The Chairman asks the proponents how to proceed. Brazil says that he empathises now with what Great Britain went through in the last few days. He can feel a taste of it, he adds. He feels strongly on this matter and so do the whole Buenos Aires Group. I do not agree if we put this to the vote it will destroy the IWC. Voting is not a bad thing.
Argentina agrees. They have tried to be amenable and she asks the opposing countries to reconsider. This has been on the agenda for ten years and has been voted for before with a majority supporting. We are dramatising this.
The Chair asks for any other comments.
Japan says he speaks for the countries supporting the sustainable use of whales and would like to explain what they propose if we go for the vote. May I take more than two minutes? [The Chair nods.] We understand the importance of the proposal in front of us. We have made similar proposals about small type coastal whaling in the past. Yesterday we had wonderful progress and this morning we passed a resolution by consensus. Let us keep the dialogue of consensus and trust going. One thing different is that we think voting will have a negative effect. We don’t like to take hostile action but we are thinking of breaking the quorum of this meeting. He says it twice. Quorum would be 50% of the 89 members. When the sustainable nations leave this will break the quorum .This is not hostile, he adds mildly. [There is some laughter.]
So again I like to avoid any surprise and misunderstanding, Jogi concludes.
The spokesman for Japan on the big screen.
Colombia: We also hope to avoid voting but we must not be afraid of voting. The Buenos Aires Group will not abandon. Today… this year… some time… we will have to decide on this matter. This will define whether this conference will end, because we cannot understand that you can go in and out depending on the topics that we discuss. If the group that support’s Japan’s idea does this, it would put an end to this particular meeting.
Another Latin delegate takes the floor and passionately comments on the ‘overwhelming majority’ in favour of the proposal. We want consensus. We want an area or zone as a sanctuary – a powerful attraction for research. This will help to fight poverty. Please understand this!... voting is a highly valid democratic method. If you leave during voting this would not be acceptable and would be a lack of transparency.
Mexico supports his friends in the BAG.
Monaco believes in democracy and he reminds everyone here that the right to vote was hard won in many countries; why should we be deprived of this.
We continue in similar vein for a while.
The Chair now calls on Brazil and Argentina.
Brazil says that we should vote.
Very many delegates now start to leave the room. The Norwegians, the Russians, the Caribbeans, Africans and Palau quietly leave.
We think that the last mass walk out was at the Anchorage meeting, but we cannot recall the message.

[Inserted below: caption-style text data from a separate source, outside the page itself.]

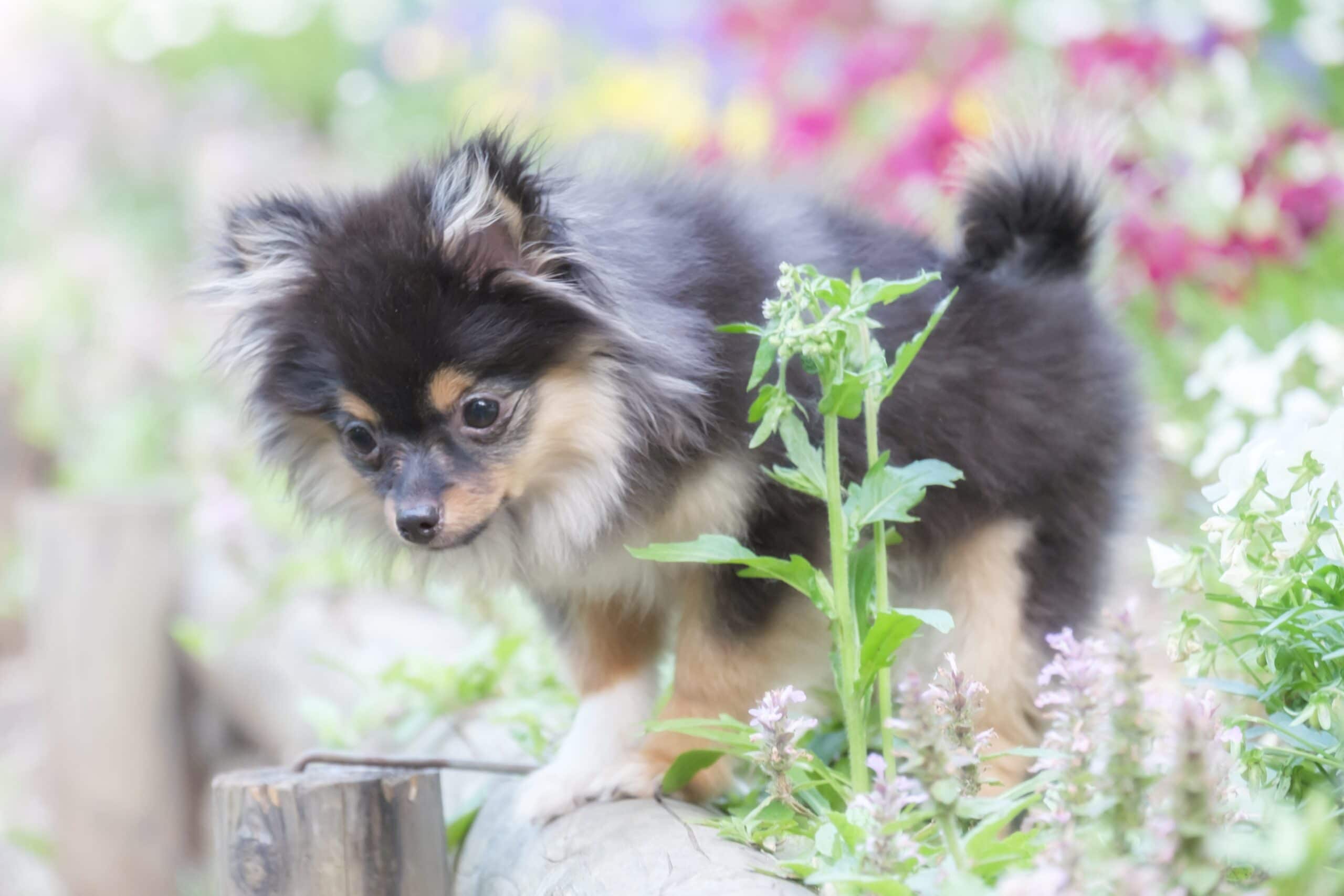 foto Perro mixto de Pomchi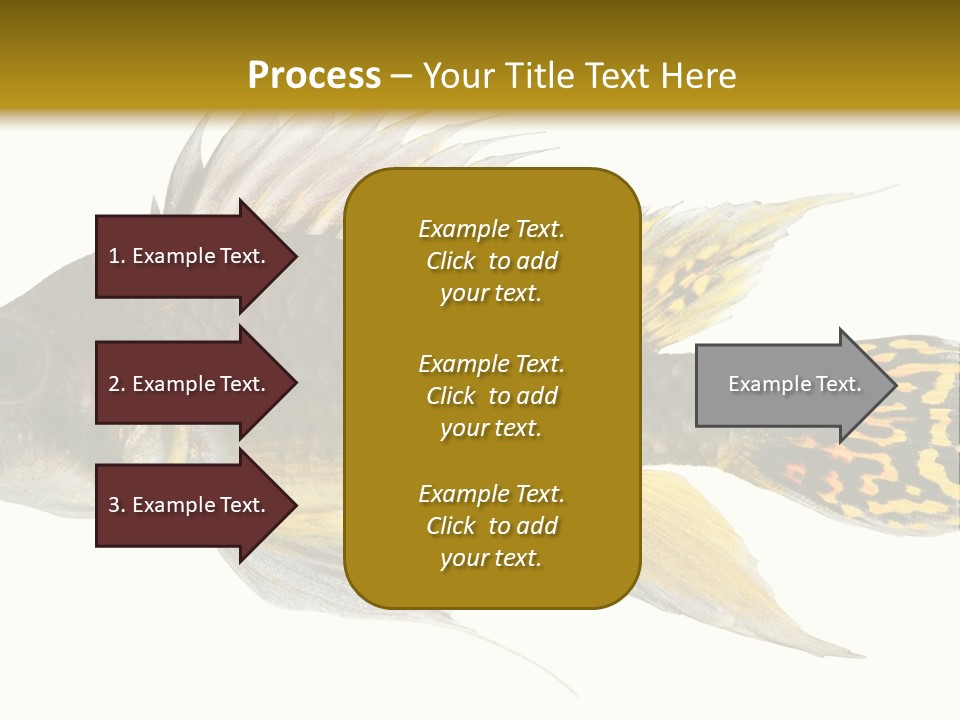 Aquarium Cockatoo Dwarf Cichlid Pet PowerPoint Template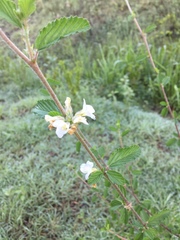 Lippia graveolens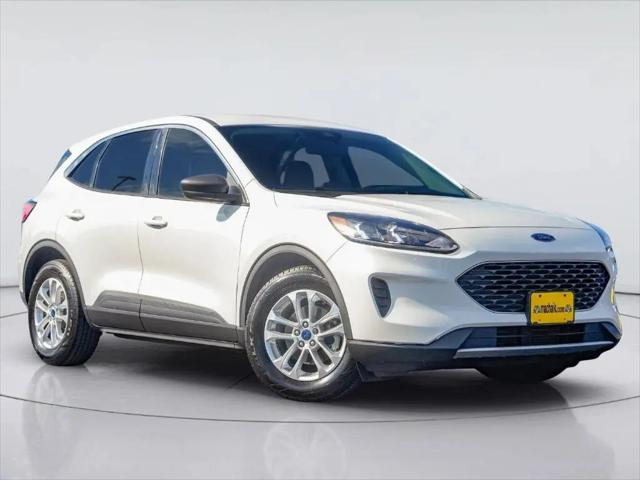 2022 Ford Escape SE for sale in Georgetown, TX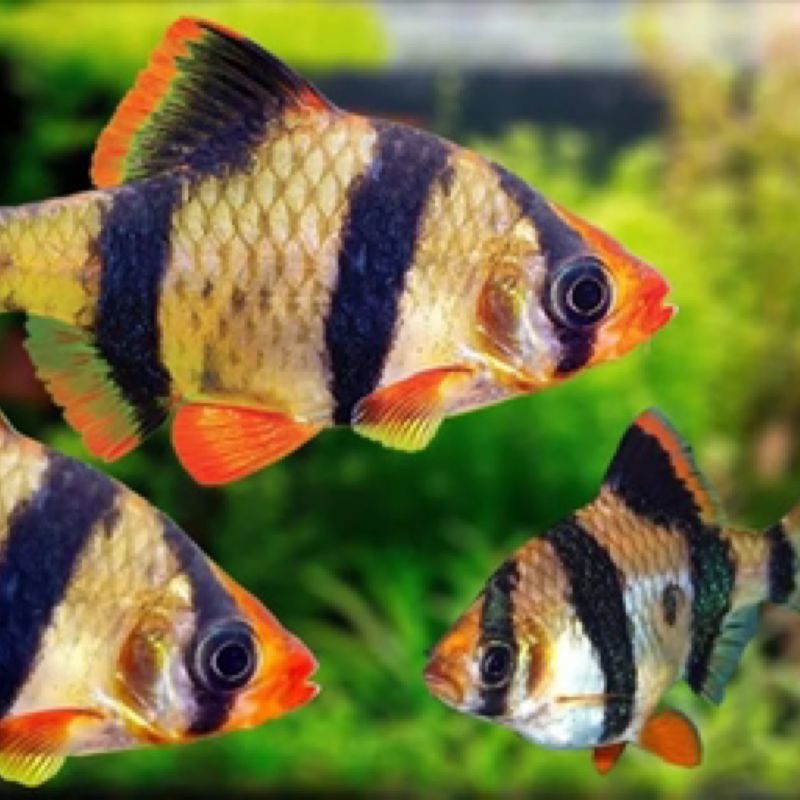 Tiger Barb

After a while, a private Commissioner’s meeting breaks out. Some hours later, Greg Donovan Head of Science takes to the stage to tell the remaining delegates (those not already at lunch, getting a haircut or shopping) that the Commissioners are still meeting. We wait and the clock ticks increasingly loudly. How many agenda items are still left? Fifteen.
Tick, tick, tick, tick.........
14.46 There is a Herman-alert.
The Chairman is briefly sighted in the public part of the meeting forum. The slowly mounts the stage.
He says, I don't know who invented lawyers but the procedural matters are complex and we will be at least another hour. He makes to leave.
A small NGO delegate rushed forward to award him a well-deserved biscuit.
Tick... tick... tick....some delegates are seen to be leaving already.